I’ve come across “parturition” (childbirth) and “encomiastic” (an adjective formally expressing pride) but they weren’t part of my active vocabulary but “paratactic” (describing a style of writing in which sentences or elements of sentences are set out successively with no indication of relationship), “tropology” (figurative language) and “passerine” (related to birds that perch) were all new. “Paratactic” cropped up when reading about translating from Hebrew as (according to Kelly), it is a paratactic language which can make for awkward reading in a literal translation. There are also “syntaxis” and “hypotaxis” (when some elements of the sentence are more important than others.

From a recent Times Literary Supplement, I’ve also learned “gustatory” (concerned with taste).

And some words that excited my interest in etymology; “ramshackle” meaning disorderly which is an altered form of the obsolete “ransackled”, ransacked, which apparently originates from the Old Norse “rann” meaning house + search. And “fornication” which has its origins in the Latin “fornix” for arch, the explanation being that prostitutes sometimes stood in arches while soliciting customers. It’s apparently from Late Latin, i.e. mediaeval Latin and I’m not therefore sure whether the prostitutes in question were Roman or mediaeval.

I’ve struggled to get a grip on Jerome’s various translations to avoid confusing the Greek Septuagint, the translation of the Old Testament by 70 or 72 translators (if you prefer having six translators each from the 12 tribes of Israel) who miraculously produced identical translations, with the Vulgate or other translations.

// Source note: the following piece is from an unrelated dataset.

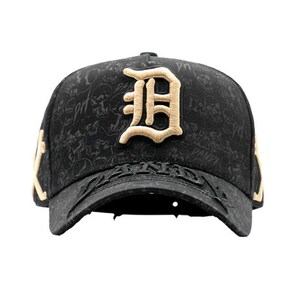 May include: Black baseball cap with a gold embroidered letter "D" on the front. The cap has a textured pattern and gold accents on the sides. The brim features embossed text.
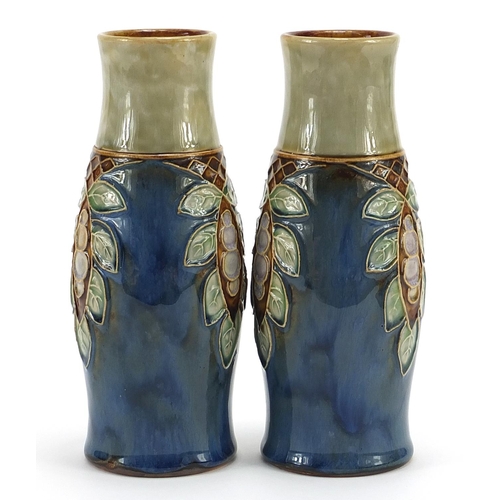 229 - Pair of Royal Doulton stoneware vases hand painted with stylised fruit and flowers, each numbered 18...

Unfortunately, the various copies of the translation from Hebrew to Greek (and later to Latin) were far from identical in Jerome’s time and he eventually took on the enormous task of producing a new translation of much of the Old Testament directly from Hebrew into Latin, which eventually became the standard translation for the Catholic church. But much of the initial reaction to his labours, first to revise the existing Latin translation and then to begin afresh, was negative as it was regarded as tinkering with the word of God. Jerome wasn’t always diplomatic with his critics, referring to them as two-legged asses on one occasion.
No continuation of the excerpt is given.